Work request => Nothing outside the range is wanted. Repeat exactly the lines below from the one with "<p>Valve replacement surgery</p>" through the one with "子宫肌瘤是怎么回事？教你一招".

Data extracted from a collection:
____________

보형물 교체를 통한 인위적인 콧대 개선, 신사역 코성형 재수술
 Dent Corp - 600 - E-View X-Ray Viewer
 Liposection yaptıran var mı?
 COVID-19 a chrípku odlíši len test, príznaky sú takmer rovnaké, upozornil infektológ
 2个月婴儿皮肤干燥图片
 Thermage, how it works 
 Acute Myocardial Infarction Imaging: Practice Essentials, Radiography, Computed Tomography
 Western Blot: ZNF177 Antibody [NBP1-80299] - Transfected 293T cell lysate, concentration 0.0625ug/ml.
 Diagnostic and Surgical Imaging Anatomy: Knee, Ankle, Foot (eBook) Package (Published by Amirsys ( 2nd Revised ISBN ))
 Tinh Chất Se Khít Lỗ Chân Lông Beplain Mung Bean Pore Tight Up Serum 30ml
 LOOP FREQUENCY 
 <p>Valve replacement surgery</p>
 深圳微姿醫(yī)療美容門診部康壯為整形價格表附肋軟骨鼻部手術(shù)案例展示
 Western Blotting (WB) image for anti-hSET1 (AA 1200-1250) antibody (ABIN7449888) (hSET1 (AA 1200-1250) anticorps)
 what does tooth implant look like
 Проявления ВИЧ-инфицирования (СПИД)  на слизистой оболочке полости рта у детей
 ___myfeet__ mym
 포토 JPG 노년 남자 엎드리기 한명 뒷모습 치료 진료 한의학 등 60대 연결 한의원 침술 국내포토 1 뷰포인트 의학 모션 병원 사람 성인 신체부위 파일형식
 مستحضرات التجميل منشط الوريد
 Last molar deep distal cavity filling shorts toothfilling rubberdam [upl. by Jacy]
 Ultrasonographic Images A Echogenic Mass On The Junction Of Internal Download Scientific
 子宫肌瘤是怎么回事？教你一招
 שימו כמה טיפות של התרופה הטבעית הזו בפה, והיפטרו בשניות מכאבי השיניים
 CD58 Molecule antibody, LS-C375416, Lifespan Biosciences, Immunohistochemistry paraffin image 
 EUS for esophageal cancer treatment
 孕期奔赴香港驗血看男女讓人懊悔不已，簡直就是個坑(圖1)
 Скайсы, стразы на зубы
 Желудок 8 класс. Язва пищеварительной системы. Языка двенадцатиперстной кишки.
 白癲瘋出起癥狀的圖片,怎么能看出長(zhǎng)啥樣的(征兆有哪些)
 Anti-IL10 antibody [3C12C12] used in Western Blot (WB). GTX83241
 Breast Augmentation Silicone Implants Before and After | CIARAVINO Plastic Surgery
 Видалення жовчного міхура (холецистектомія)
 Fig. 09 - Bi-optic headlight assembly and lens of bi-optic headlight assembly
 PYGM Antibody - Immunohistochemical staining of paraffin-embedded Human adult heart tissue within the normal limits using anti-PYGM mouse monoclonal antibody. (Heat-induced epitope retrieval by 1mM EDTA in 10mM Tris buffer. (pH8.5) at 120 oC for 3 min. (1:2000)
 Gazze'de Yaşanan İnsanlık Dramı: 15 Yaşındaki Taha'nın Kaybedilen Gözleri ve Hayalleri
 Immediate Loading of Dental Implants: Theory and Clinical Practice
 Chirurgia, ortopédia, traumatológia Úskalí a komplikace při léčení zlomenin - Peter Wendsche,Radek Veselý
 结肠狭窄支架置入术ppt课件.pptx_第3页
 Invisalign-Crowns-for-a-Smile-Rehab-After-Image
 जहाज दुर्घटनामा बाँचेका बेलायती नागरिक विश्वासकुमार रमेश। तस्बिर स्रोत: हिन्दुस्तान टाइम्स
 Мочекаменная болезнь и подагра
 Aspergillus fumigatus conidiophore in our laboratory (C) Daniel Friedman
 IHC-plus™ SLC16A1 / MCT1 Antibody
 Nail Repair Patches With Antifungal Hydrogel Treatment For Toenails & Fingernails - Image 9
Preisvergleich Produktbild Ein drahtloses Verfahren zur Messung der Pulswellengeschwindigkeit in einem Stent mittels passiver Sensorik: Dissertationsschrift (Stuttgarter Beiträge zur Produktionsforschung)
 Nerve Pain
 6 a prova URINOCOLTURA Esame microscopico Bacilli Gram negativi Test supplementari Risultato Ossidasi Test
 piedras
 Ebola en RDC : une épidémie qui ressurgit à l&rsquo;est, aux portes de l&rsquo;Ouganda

____________

Result of the task =>
 <p>Valve replacement surgery</p>
 深圳微姿醫(yī)療美容門診部康壯為整形價格表附肋軟骨鼻部手術(shù)案例展示
 Western Blotting (WB) image for anti-hSET1 (AA 1200-1250) antibody (ABIN7449888) (hSET1 (AA 1200-1250) anticorps)
 what does tooth implant look like
 Проявления ВИЧ-инфицирования (СПИД)  на слизистой оболочке полости рта у детей
 ___myfeet__ mym
 포토 JPG 노년 남자 엎드리기 한명 뒷모습 치료 진료 한의학 등 60대 연결 한의원 침술 국내포토 1 뷰포인트 의학 모션 병원 사람 성인 신체부위 파일형식
 مستحضرات التجميل منشط الوريد
 Last molar deep distal cavity filling shorts toothfilling rubberdam [upl. by Jacy]
 Ultrasonographic Images A Echogenic Mass On The Junction Of Internal Download Scientific
 子宫肌瘤是怎么回事？教你一招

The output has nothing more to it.